### Goal of the exercise
Every line of the listing below needs to be reproduced exactly.

### Task data
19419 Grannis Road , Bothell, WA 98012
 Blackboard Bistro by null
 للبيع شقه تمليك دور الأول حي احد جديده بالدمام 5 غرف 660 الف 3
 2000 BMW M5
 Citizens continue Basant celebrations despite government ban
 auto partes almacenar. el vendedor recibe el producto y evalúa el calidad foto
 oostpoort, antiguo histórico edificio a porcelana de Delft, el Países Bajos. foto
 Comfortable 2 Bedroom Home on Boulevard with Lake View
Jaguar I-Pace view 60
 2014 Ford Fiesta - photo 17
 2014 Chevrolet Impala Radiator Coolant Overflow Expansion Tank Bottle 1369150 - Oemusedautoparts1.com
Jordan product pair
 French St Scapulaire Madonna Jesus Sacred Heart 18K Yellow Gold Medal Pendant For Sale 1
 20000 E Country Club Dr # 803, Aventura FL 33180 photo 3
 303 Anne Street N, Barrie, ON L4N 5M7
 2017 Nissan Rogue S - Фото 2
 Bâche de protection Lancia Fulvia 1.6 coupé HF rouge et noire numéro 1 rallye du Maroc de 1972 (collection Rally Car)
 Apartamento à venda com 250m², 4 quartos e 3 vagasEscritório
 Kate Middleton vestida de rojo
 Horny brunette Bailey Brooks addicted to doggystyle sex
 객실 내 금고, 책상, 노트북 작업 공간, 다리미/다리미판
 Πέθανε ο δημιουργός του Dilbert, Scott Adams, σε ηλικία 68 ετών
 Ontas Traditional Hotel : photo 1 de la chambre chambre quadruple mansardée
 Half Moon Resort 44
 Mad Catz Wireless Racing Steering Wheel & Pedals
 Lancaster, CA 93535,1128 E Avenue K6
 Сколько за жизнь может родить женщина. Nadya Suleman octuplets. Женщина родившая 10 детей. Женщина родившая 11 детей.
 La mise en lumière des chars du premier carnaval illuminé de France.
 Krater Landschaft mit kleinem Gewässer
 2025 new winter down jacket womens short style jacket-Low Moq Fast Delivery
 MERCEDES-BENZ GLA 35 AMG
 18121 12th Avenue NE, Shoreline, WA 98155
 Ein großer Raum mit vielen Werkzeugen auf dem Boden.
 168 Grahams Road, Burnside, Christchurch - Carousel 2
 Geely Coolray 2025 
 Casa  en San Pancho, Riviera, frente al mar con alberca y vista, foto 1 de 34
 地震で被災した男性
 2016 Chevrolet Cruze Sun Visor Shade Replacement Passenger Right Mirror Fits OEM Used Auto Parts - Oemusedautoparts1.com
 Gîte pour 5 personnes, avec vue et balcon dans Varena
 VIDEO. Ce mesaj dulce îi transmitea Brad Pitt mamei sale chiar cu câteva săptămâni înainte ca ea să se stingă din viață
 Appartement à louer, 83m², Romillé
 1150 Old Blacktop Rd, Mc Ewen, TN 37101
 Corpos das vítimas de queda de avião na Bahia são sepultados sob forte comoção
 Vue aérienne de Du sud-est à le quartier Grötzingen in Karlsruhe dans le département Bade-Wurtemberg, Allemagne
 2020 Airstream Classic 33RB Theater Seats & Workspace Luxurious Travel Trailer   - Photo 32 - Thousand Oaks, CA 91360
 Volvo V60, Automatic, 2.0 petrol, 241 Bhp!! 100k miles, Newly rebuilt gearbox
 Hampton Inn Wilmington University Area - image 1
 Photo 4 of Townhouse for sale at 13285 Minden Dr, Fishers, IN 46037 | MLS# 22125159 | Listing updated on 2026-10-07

### Answer to the problem
19419 Grannis Road , Bothell, WA 98012
 Blackboard Bistro by null
 للبيع شقه تمليك دور الأول حي احد جديده بالدمام 5 غرف 660 الف 3
 2000 BMW M5
 Citizens continue Basant celebrations despite government ban
 auto partes almacenar. el vendedor recibe el producto y evalúa el calidad foto
 oostpoort, antiguo histórico edificio a porcelana de Delft, el Países Bajos. foto
 Comfortable 2 Bedroom Home on Boulevard with Lake View
Jaguar I-Pace view 60
 2014 Ford Fiesta - photo 17
 2014 Chevrolet Impala Radiator Coolant Overflow Expansion Tank Bottle 1369150 - Oemusedautoparts1.com
Jordan product pair
 French St Scapulaire Madonna Jesus Sacred Heart 18K Yellow Gold Medal Pendant For Sale 1
 20000 E Country Club Dr # 803, Aventura FL 33180 photo 3
 303 Anne Street N, Barrie, ON L4N 5M7
 2017 Nissan Rogue S - Фото 2
 Bâche de protection Lancia Fulvia 1.6 coupé HF rouge et noire numéro 1 rallye du Maroc de 1972 (collection Rally Car)
 Apartamento à venda com 250m², 4 quartos e 3 vagasEscritório
 Kate Middleton vestida de rojo
 Horny brunette Bailey Brooks addicted to doggystyle sex
 객실 내 금고, 책상, 노트북 작업 공간, 다리미/다리미판
 Πέθανε ο δημιουργός του Dilbert, Scott Adams, σε ηλικία 68 ετών
 Ontas Traditional Hotel : photo 1 de la chambre chambre quadruple mansardée
 Half Moon Resort 44
 Mad Catz Wireless Racing Steering Wheel & Pedals
 Lancaster, CA 93535,1128 E Avenue K6
 Сколько за жизнь может родить женщина. Nadya Suleman octuplets. Женщина родившая 10 детей. Женщина родившая 11 детей.
 La mise en lumière des chars du premier carnaval illuminé de France.
 Krater Landschaft mit kleinem Gewässer
 2025 new winter down jacket womens short style jacket-Low Moq Fast Delivery
 MERCEDES-BENZ GLA 35 AMG
 18121 12th Avenue NE, Shoreline, WA 98155
 Ein großer Raum mit vielen Werkzeugen auf dem Boden.
 168 Grahams Road, Burnside, Christchurch - Carousel 2
 Geely Coolray 2025 
 Casa  en San Pancho, Riviera, frente al mar con alberca y vista, foto 1 de 34
 地震で被災した男性
 2016 Chevrolet Cruze Sun Visor Shade Replacement Passenger Right Mirror Fits OEM Used Auto Parts - Oemusedautoparts1.com
 Gîte pour 5 personnes, avec vue et balcon dans Varena
 VIDEO. Ce mesaj dulce îi transmitea Brad Pitt mamei sale chiar cu câteva săptămâni înainte ca ea să se stingă din viață
 Appartement à louer, 83m², Romillé
 1150 Old Blacktop Rd, Mc Ewen, TN 37101
 Corpos das vítimas de queda de avião na Bahia são sepultados sob forte comoção
 Vue aérienne de Du sud-est à le quartier Grötzingen in Karlsruhe dans le département Bade-Wurtemberg, Allemagne
 2020 Airstream Classic 33RB Theater Seats & Workspace Luxurious Travel Trailer   - Photo 32 - Thousand Oaks, CA 91360
 Volvo V60, Automatic, 2.0 petrol, 241 Bhp!! 100k miles, Newly rebuilt gearbox
 Hampton Inn Wilmington University Area - image 1
 Photo 4 of Townhouse for sale at 13285 Minden Dr, Fishers, IN 46037 | MLS# 22125159 | Listing updated on 2026-10-07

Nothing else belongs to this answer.